Guest Post by Kim Farris-Berg
The late educator Jack Frymier often said, “If the kids want to learn, we can’t stop ‘em. If they don’t, we can’t make ‘em.” Keep this idea in mind for a few minutes while you browse the headlines in your Twitter feed or think about the schools you are most familiar with. How often are schools’ objectives defined in terms of what the students seek to achieve?
In a 2010 white paper titled “Rethinking Student Motivation,” Clayton Christensen, Michael Horn, and Curtis Johnson put forth the idea that young people, at their core, seek to feel successful and have fun with their friends. Others have reported that young people seek a sense of belonging, relationship-building, and to be accepted and acknowledged for their individual backgrounds, cultures, learning styles, life and work goals, and more.
Christensen et al go on to suggest that school is one potential place for young people to get what they seek. But they could choose other places. So if young people can’t satisfy their objectives at school -- academically, socially, or via extracurricular activities -- then they will look elsewhere. They might quit school. Or they might stay, but divert their attention away from the learning activity.
We can’t have that. If the goal is for every student to learn adequately and graduate from high school, then we need the students to willingly participate.
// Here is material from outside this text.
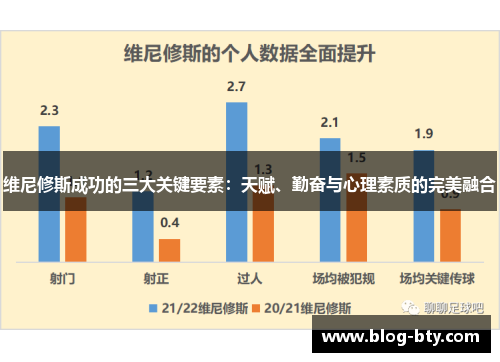 维尼修斯成功的三大关键要素：天赋、勤奋与心理素质的完美融合
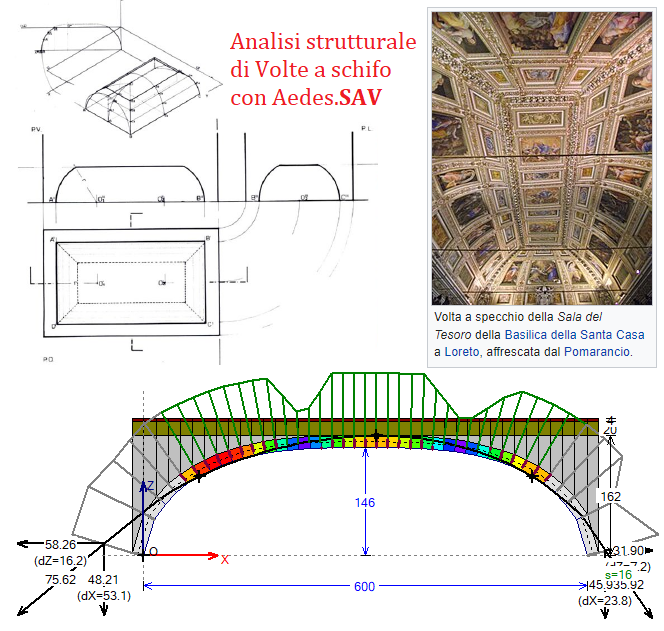 Analisi di Volte a schifo con SAV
Yet most schools are not set up to help every student meet his or her own needs every day. That’s because most policymakers and educators don’t often see their job as putting students in the position to meet their individual objectives better. Instead they see their job as delivering education to students. This has led to school designs that prioritize making delivery easier, such as age-grading and sequenced curriculum.
Even most efforts at improvement assume that the job of adults is to deliver education to students. Educators, for example, look for more compelling textbooks or start using media in lieu of textbooks or lower the class sizes (but keep instructing from the front of the room). Policymakers increasingly seek to control the delivery by standardizing curricula, providing pacing guides, and tying evaluations to singular measures of student performance. Typically there are no rewards and few opportunities for teachers to modify the order in which things are taught, or how much time is spent on what, so that varying students will choose to get engaged in the learning and take responsibility for their own success.
Is it possible that our over-reliance on the delivery framework has led us to spend our time and energy on solving the wrong problem? What would school look like if we didn’t assume that delivery had to look a certain way?
In Chapter 5 of the 10-part video series, A Year at Mission Hill, we learn that the teachers at this Boston pilot school do not assume a delivery framework. As teacher Jeanne Rachko put it, she and her colleagues don’t manipulate the students’ learning experience by telling them what to do and how to do it. They don’t try to batch-process learning. Instead they give students a variety of choices for learning content and students get to decide what learning experiences will help them meet their own objectives.
This can be a tough and inconvenient commitment. In Chapter 5 we see teacher Jenerra Williams looking frustrated, thoughtful and uncertain while seeking advice from her colleagues about how to introduce her students to proverbs from Ancient China. Williams was looking for several points of entry for her varying students, who might not all be at a point of readiness to take on the proverbs. She wanted to ensure that the right variety of learning approaches were offered so as not to put at risk students’ willingness to learn many other content areas via the Ancient China theme.
It might have been easier on Jenerra and the other Mission Hill teachers to choose delivery -- to say, “The pacing guide says to teach proverbs next. I need to deliver students this scripted lecture. Then I’ll follow-up with these worksheets and this craft. It’ll be the same thing for everyone, ready or not.” But that’s not the self-directed, differentiated, experiential learning approach that Jenerra and her colleagues have taken on.
These teachers have chosen a very different way to run their school. Student motivation, not delivery, is central.
As my colleagues and I reported in Trusting Teachers with School Success, teachers who call the shots (as Mission Hill’s teachers do) often seek to nurture students’ engagement and motivation via learning programs that put students in a position to be active learners. With authority to collectively make the decisions influencing whole school success, many teachers place a strong emphasis on helping each student figure out their sources of motivation, and how to tap into those sources in order to learn and graduate.
Teachers who call the shots also understand that that nurturing motivation means a change in how they work. They must move from “experts who impart information” to “unfinished learners.”
Stephanie Davis, a teacher at TAGOS Leadership Academy (7-12) in Janesville, Wisconsin, said: “I shifted from [a focus on] teaching to [a focus on] learning when I came here. I’m constantly learning new things and [broadening] what I consider to be my responsibility to help students learn. I’m not planning lectures and grading papers.” Notably, TAGOS stands for Tailoring Academics to Guide Our Students.
Patrick Yecha, a teacher who calls the shots with his colleagues at Phoenix High School in Kennewick, Washington, said something similar: “Everything is different about how students learn here. The bottom line being: I don’t teach them everything.”
What could happen if we put more teachers in the position to stop teaching students everything? If we opened the opportunity for teachers to arrange schools so the students want to learn?
Kim Farris-Berg is an independent consultant and Senior Associate with Education Evolving.